To do:
Please reproduce the lines of the records below from the one holding "River Island Blue Skinny Fit Suit Trousers" through the one holding "Traditional Indian Marriage", inclusive, skipping all pictures.

Data supplied:
◇ ◇ ◇
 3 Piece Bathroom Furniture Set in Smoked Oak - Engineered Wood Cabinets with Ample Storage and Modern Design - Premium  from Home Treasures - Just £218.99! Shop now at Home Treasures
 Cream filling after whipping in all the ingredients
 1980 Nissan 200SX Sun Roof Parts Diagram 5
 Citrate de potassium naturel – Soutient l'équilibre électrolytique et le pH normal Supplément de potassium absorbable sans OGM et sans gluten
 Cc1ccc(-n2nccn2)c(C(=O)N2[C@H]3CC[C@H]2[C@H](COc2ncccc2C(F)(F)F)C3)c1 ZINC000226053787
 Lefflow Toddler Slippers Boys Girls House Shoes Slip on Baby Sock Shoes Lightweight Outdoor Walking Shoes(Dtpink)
◇ ◇ ◇
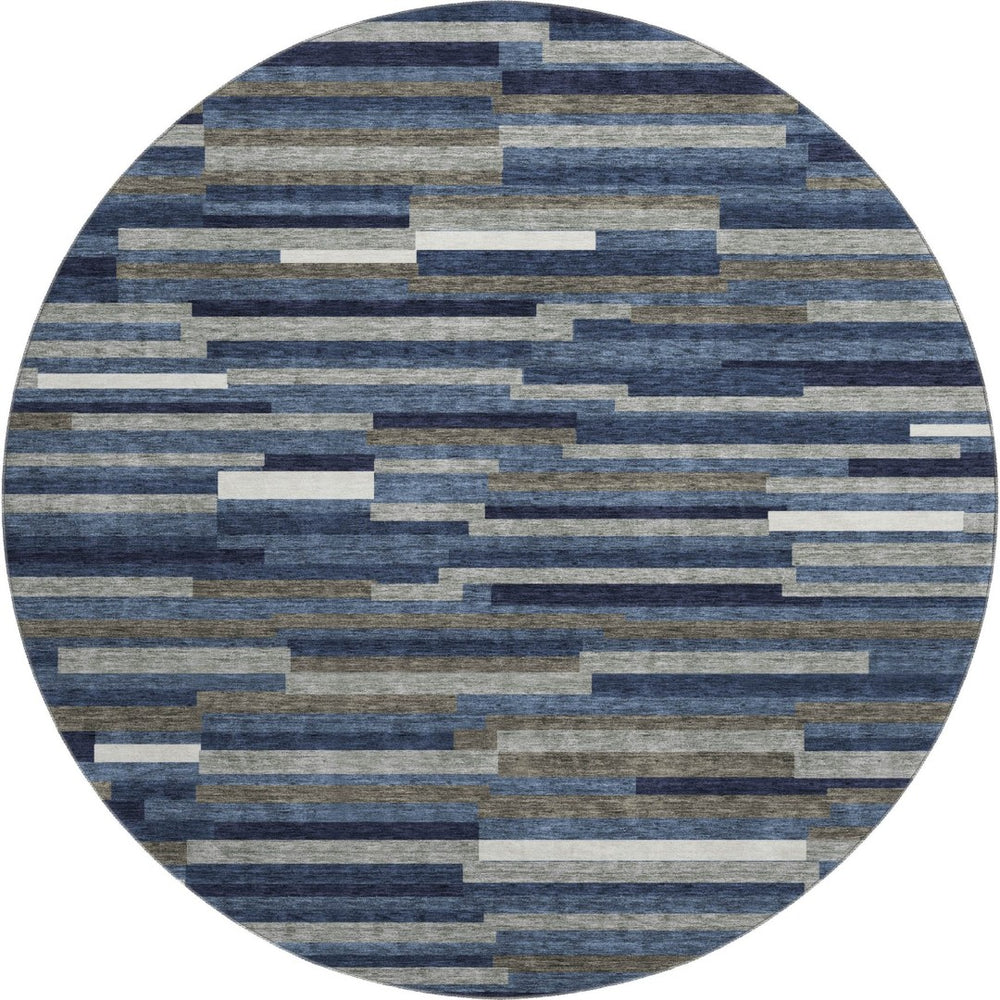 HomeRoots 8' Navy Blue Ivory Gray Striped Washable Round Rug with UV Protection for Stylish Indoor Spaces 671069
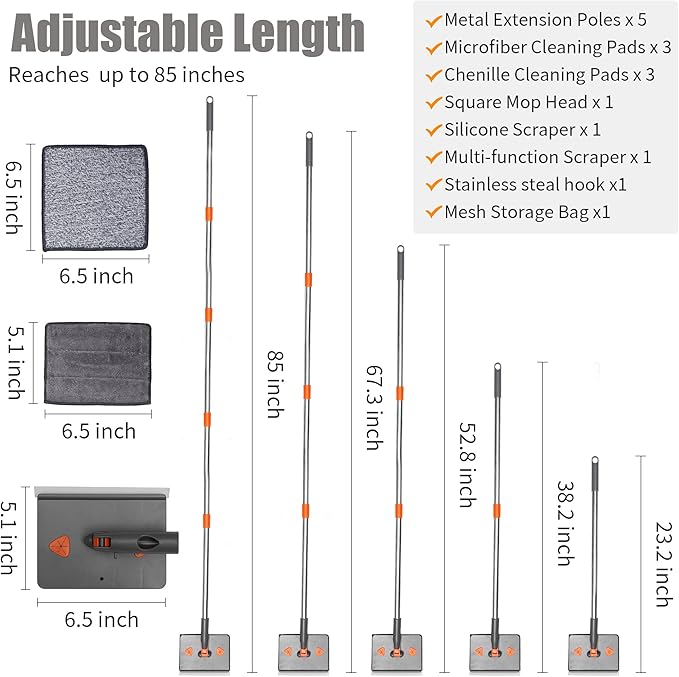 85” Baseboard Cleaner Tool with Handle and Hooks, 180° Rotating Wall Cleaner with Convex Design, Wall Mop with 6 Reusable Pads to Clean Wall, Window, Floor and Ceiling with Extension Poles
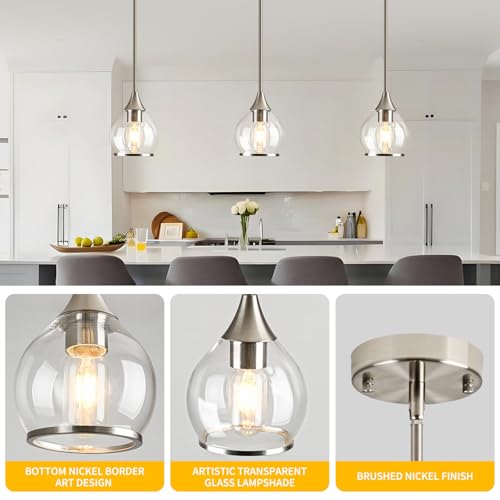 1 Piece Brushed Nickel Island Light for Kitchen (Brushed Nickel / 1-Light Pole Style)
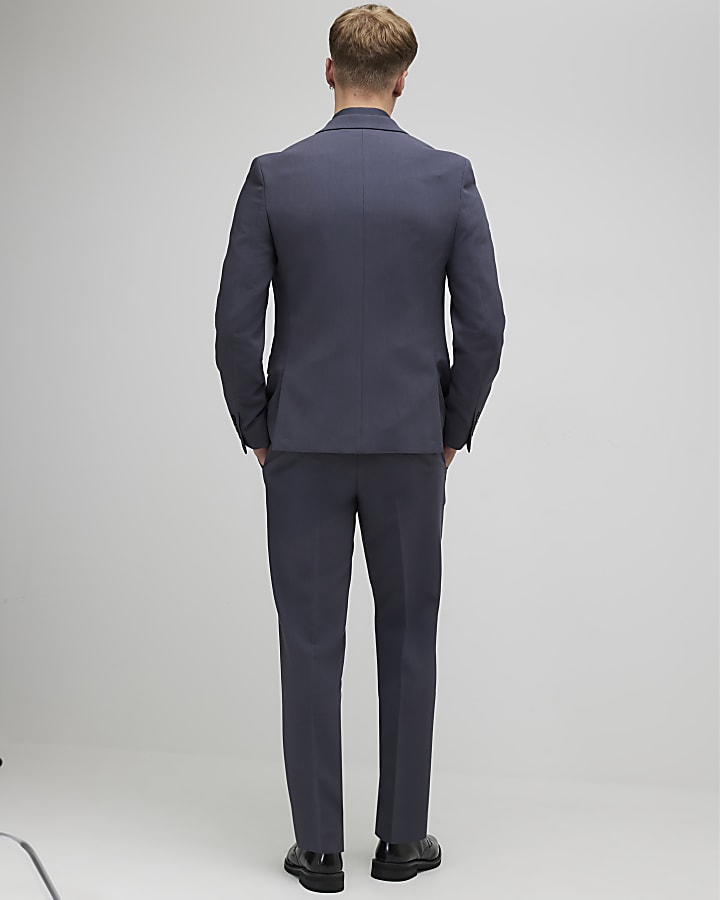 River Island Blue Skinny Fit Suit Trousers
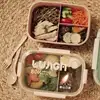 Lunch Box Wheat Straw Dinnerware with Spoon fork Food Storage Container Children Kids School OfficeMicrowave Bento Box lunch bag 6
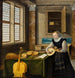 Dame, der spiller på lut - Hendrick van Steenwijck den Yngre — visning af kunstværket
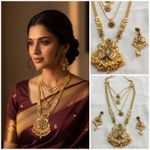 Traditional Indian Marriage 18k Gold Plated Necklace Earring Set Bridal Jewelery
◇ ◇ ◇
Response to this task:
 River Island Blue Skinny Fit Suit Trousers
 Lunch Box Wheat Straw Dinnerware with Spoon fork Food Storage Container Children Kids School OfficeMicrowave Bento Box lunch bag 6
 Dame, der spiller på lut - Hendrick van Steenwijck den Yngre — visning af kunstværket
 Traditional Indian Marriage 18k Gold Plated Necklace Earring Set Bridal Jewelery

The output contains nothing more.